CD Reviews: Andrew Bird, White Rabbits and more
'Break It Yourself'
In some regards, Andrew Bird is a known quantity, as is any reasonably prolific musician - but familiarity is the most necessary element of surprise. Through six solo albums and other assorted releases, the Chicago songwriter/composer has built a reputation that mirrors that of an auteur director: He plays a very difficult instrument (violin) very well, using loop pedals to create elegantly layered sound-fields that he populates with literate, imaginative lyrics. And he also possesses a songbird's own whistle that is without peer in popular music.
It's a unique assemblage that he has managed to keep from going stale - and, in fact, improve upon - by continually honing the balance between pop accessibility and esoterica. His 2009 album "Noble Beast" was his most successful blend yet, and it's matched by "Break It Yourself," which has a sparer, rawer sound than its predecessor.
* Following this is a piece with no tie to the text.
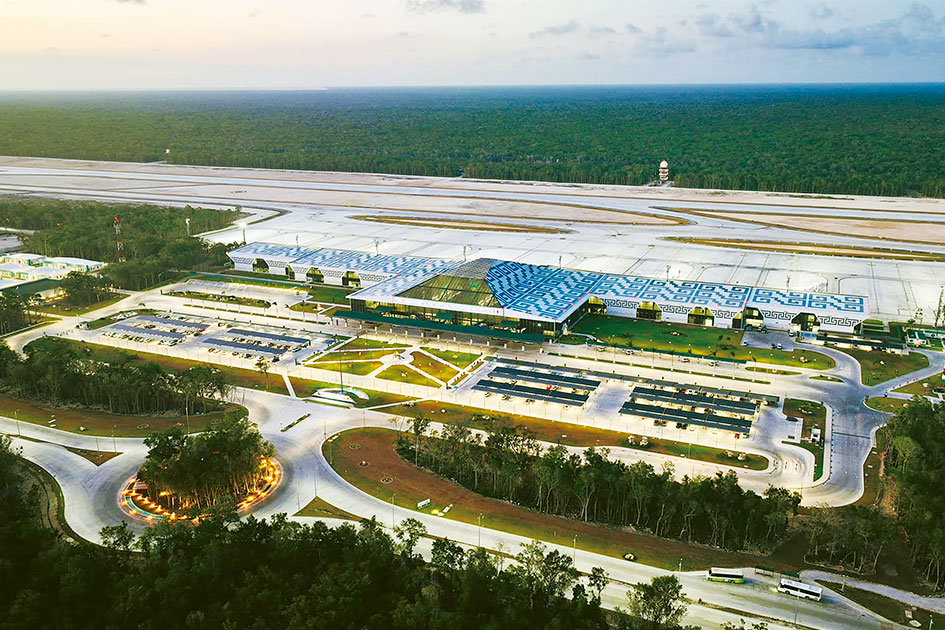 Una Vista Aérea Del Aeropuerto Internacional De Tulum &Quot;Felipe Carrillo Puerto&Quot;, Un Edificio Terminal Moderno Y Amplio En El Centro, Con Un Techo Distintivo De Color Azul Y Blanco Con Motivos Inspirados En El Diseño Maya. La Terminal Está Iluminada En La Oscuridad, Rodeada Por Caminos De Acceso Curvos, Estacionamientos Llenos De Vehículos Y Áreas Ajardinadas. Detrás De La Terminal Se Extiende La Pista De Aterrizaje Y Las Calles De Rodaje, Y Al Fondo, Un Denso Bosque Tropical Bajo Un Cielo Crepuscular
The sharpness and closeness of his string-plucking cuts through the open spaces and puts a steelier edge on several tracks, and first single "Eyeoneye" is an unexpectedly straightforward show of raised hackles from the normally anodyne and cryptic Bird, one that hides his titular message: "You've done the impossible now/Took yourself apart/Made yourself invulnerable/No one can break your heart/So you break it yourself."
The third record from this Brooklyn-based band puts a paranoid edge on their percussive, piano-based sound.
'One Second of Love'
Indie-pop vocalist Ramona Gonzales follows up her debut "Good Evening" with an album that delves into classic R&B.